(Given data)
*** Begin section ***
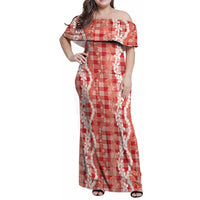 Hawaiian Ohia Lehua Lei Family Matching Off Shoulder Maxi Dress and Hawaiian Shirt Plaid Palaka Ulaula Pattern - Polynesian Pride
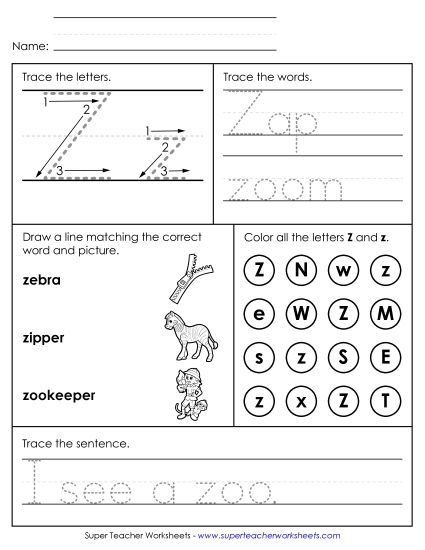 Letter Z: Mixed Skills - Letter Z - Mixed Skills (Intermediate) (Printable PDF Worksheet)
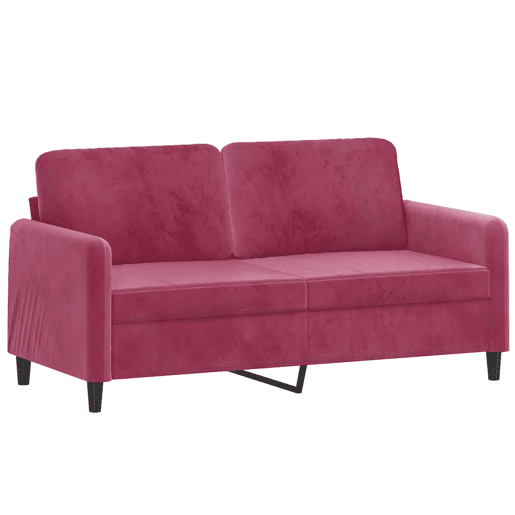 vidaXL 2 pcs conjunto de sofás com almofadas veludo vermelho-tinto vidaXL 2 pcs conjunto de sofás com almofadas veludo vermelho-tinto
*** End section ***
(Try it) Without any pictures, output exactly the lines from the start of the material through the line that contains "Letter Z: Mixed", and only those.

(Finished task)
 Hawaiian Ohia Lehua Lei Family Matching Off Shoulder Maxi Dress and Hawaiian Shirt Plaid Palaka Ulaula Pattern - Polynesian Pride
 Letter Z: Mixed Skills - Letter Z - Mixed Skills (Intermediate) (Printable PDF Worksheet)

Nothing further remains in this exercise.